Germasa juga mencatat beberapa tindak lanjut dari kunjungan ini, antara lain potensi program kerja sama budaya, pelatihan bersama soal kearifan lokal dan lingkungan, serta advokasi kemanusiaan berbasis komunitas adat.
Makna dan Harapan ke Depan
Indonesia yang majemuk membutuhkan lebih banyak ruang perjumpaan seperti ini, di mana komunitas lintas iman dan adat dapat saling mendengarkan tanpa syarat. Kunjungan Komisi Germasa ke komunitas Sunda Wiwitan di Kuningan menjadi bukti bahwa dialog bukan hanya mungkin, tetapi juga memberi makna mendalam bagi masing-masing pihak.
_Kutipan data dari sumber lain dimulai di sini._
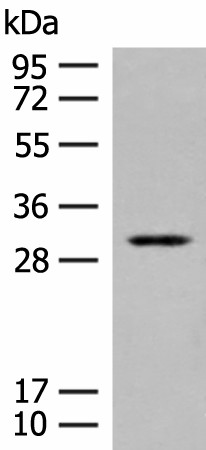 Western blot analysis of Human kidney tissue lysate  using TPMT Polyclonal Antibody at dilution of 1:400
Bagi komisi Germasa GPIB Paulus, kunjungan ini memperkaya iman mereka, bukan dengan mengubah keyakinan, tetapi dengan memperluas cinta kepada sesama manusia. Bagi komunitas Sunda Wiwitan, kehadiran saudara lintas agama seperti ini memberi kekuatan moral bahwa mereka tidak sendiri dalam perjuangan menjaga warisan dan martabat.
Akhirnya, seperti yang tertulis dalam Markus 12:31, “Kasihilah sesamamu manusia seperti dirimu sendiri.” Ayat ini tidak hanya menjadi slogan iman Kristen, tetapi menjadi aksi nyata dalam wujud kunjungan, perjumpaan, dan persaudaraan lintas batas. Germasa telah menyalakan lilin kecil di tengah pluralitas Indonesia, semoga nyalanya menjalar lebih luas dalam semangat damai dan cinta kasih universal.